Anche Messina, come Catania, vanta un suo Palazzo degli Elefanti o, per meglio dire, quanto ne resta ancora in piedi . A suo tempo, l’edificio, situato all’ incrocio tra le vie Tommaso Cannizzaro e Porta Imperiale, aveva un aspetto davvero monumentale e venne eretto tra il secolo diciottesimo e il diciannovesimo di fronte al cinquecentesco Grande Ospedale .
La catastrofe del 1908 distrusse, oltre al Grande Ospedale (che aveva accolto tra i suoi pazienti anche lo scrittore spagnolo Miguel de Cervantes , autore del Don Chisciotte, ferito nella battaglia di Lepanto) anche parte del Palazzo degli Elefanti. Ne rimane oggi solo il portale e l’ala destra (l’ala sinistra e’ stata inglobata nel convento carmelitano attiguo alla Chiesa del Carmine) .

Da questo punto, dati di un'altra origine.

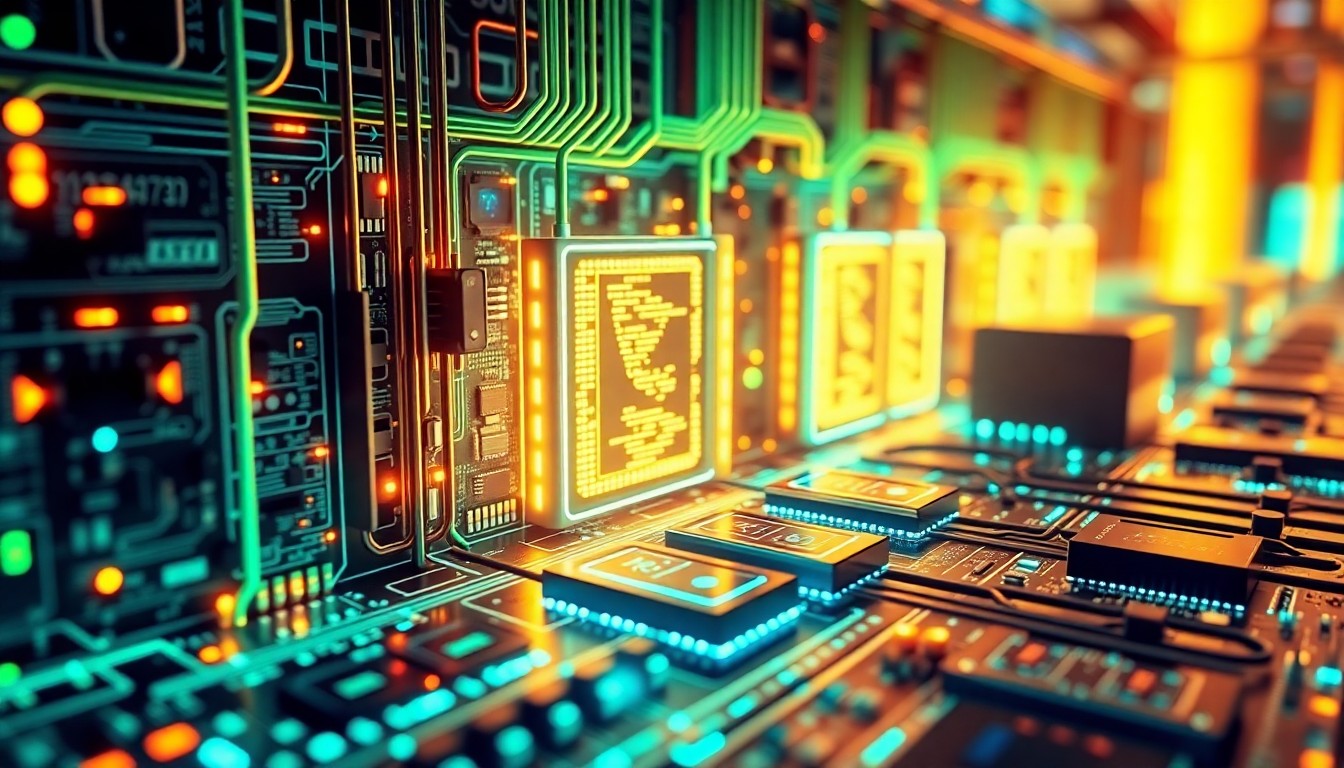 A highly detailed, glowing 3D illustration of a futuristic agricultural data hub, with illuminated circuit boards, fiber optic cables, and other cybernetic hardware elements, conceptually representing the technological advancements transforming the farming industry.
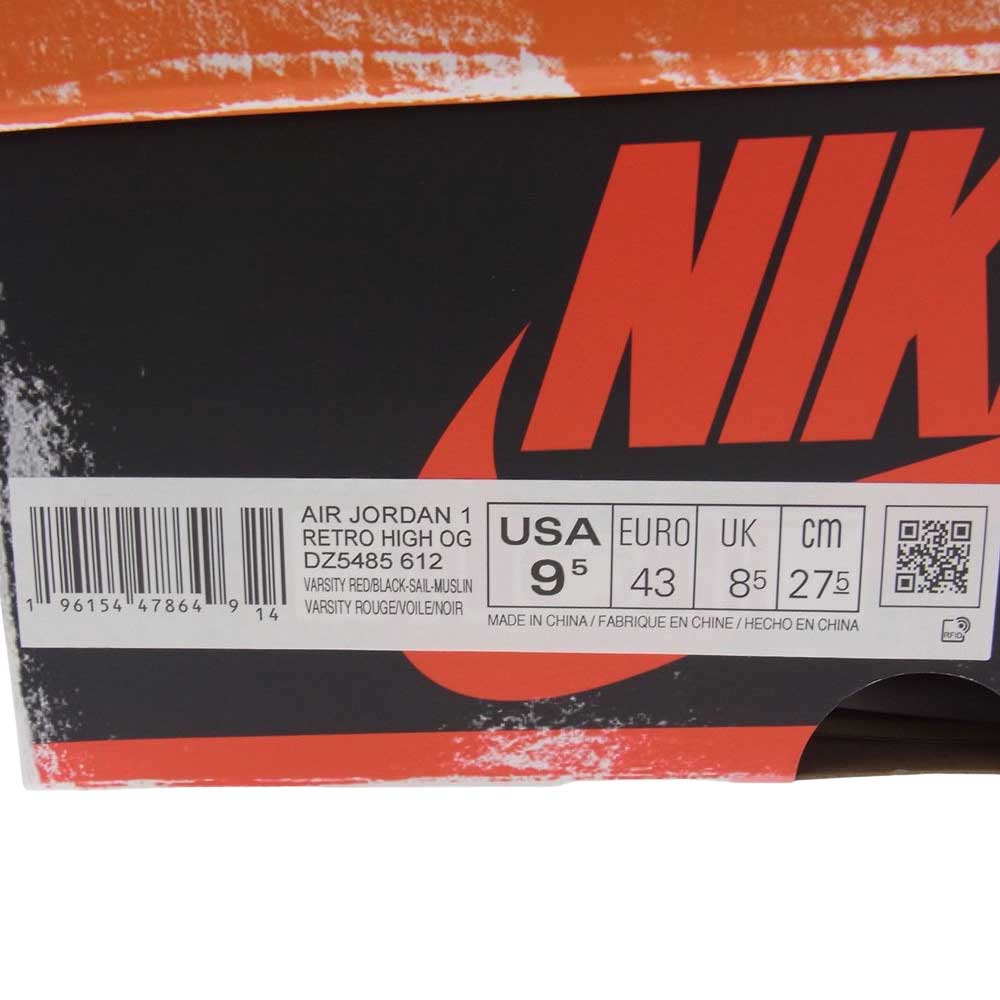 NIKE AIR JORDAN ナイキ ジョーダン DZ5485-612 Air Jordan 1 AJ1 High OG Lost&Found Chicago エアジョーダン ハイ ロストファウンド シカゴ スニーカー レッド系 ホワイト系 レッド系 ホワイト系 27.5cm【新古品】【未使用】【中古】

La caratteristica denominazione proviene dal fatto che ai lati dell’arco del portale, “l’architetto Giovanni Maffei da Carrara, secondo quanto riferito da Gaetano La Corte Cailler, inserì due atipiche teste d’elefante, bizzarra reminiscenza figurativa dell’arte manierista” (cfr. Nino Principato da ‘Messina ieri e oggi.it’). Una curiosità che solleciterebbe maggiormente l’interesse degli osservatori se il Palazzo versasse in condizioni migliori da quelle che a tutt’oggi presenta.

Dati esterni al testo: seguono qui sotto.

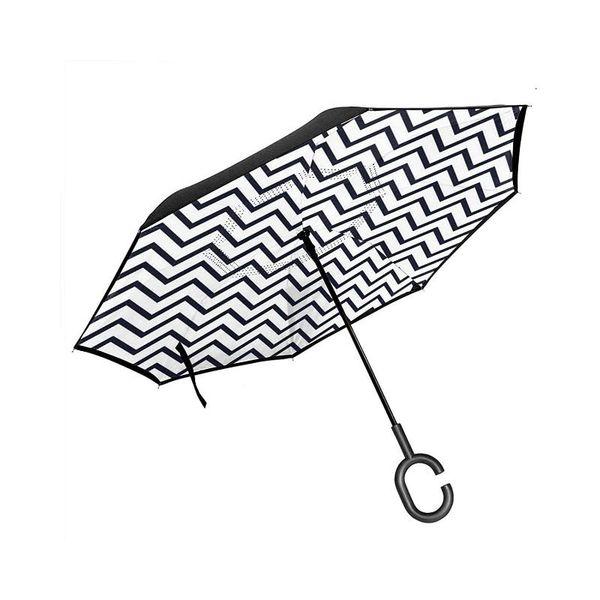 

umbrellas car reversing umbrella, monochromatic herringbone line stereo effect picture, with c-shaped handle, umbrella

La restante parte di quello che costituiva un tempo un complesso abitativo formato da un piano terra, un piano ammezzato e un primo piano (quest’ultimo attualmente non più presente) spicca infatti per il suo riprovevole degrado . Ubicato sotto il piano della strada (in base al livello esistente prima del terremoto) il cortile antistante e’ una vera e propria giungla d’erba mentre il fabbricato restante è adibito a un esercizio commerciale.
Insomma, del palazzo che fu residua un rudere seminascosto alla vista del pubblico della cui sorte sembra che nessuno si interessi, men che meno gli organi istituzionalmente preposti alla sua degna conservazione.